Savage Beauty, the McQueen exhibit, set attendance records in New York at the Metropolitan Museum of Art in 2011. I stood in line that summer for over an hour to get in and ended up fainting from the heat just before the exhibit entrance. I ended up going four years later instead, in 2015, at the Victoria and Albert Museum in London, with my friend Lorella. That too was one of the museum’s most popular exhibitions and for the first time ever, the V&A stayed open 24 hours over the weekend to accommodate all of the people who wanted to come.
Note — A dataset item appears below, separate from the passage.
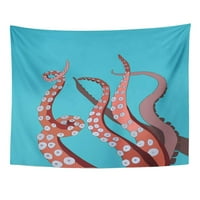 Plavi život Pet pipka od hobotnice More Wild Ocean Wall Art Viseći tapiserija Početna Dekor za dnevnu sobu spavaća soba spavaonica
A couple of years ago, it was announced that Jack O’Connell would play Lee Alexander McQueen in a biopic based on Andrew Wilson’s biography, Blood Beneath The Skin. Jack ended up dropping out of the project and it’s unclear whether or not it’s moving forward at all. However, a new documentary, McQueen, will screen at the Tribeca Film Festival next week before opening this summer. The film will feature interviews with McQueen’s friends and collaborators and archival footage of his designs and installations. The trailer was released yesterday. I can’t wait to revisit those collections, those runways that were so much more than fashion shows – they were protests and provocations, they were also meditations. Here’s how Ian Bonhote, the director, explains the McQueen influence:
“I moved to London from Paris in the 90s much in part because of McQueen. His sense of style became synonymous with the city’s raw energy and edginess, and I know of no other contemporary designer to ignite such an immediate visceral response from an audience – it was so exhilarating.”
Attached – Shalom Harlow and the white dress, one of the most memorable moments in fashion history. And… it’s a really, really great dress. I have always loved how the two belts look from the back.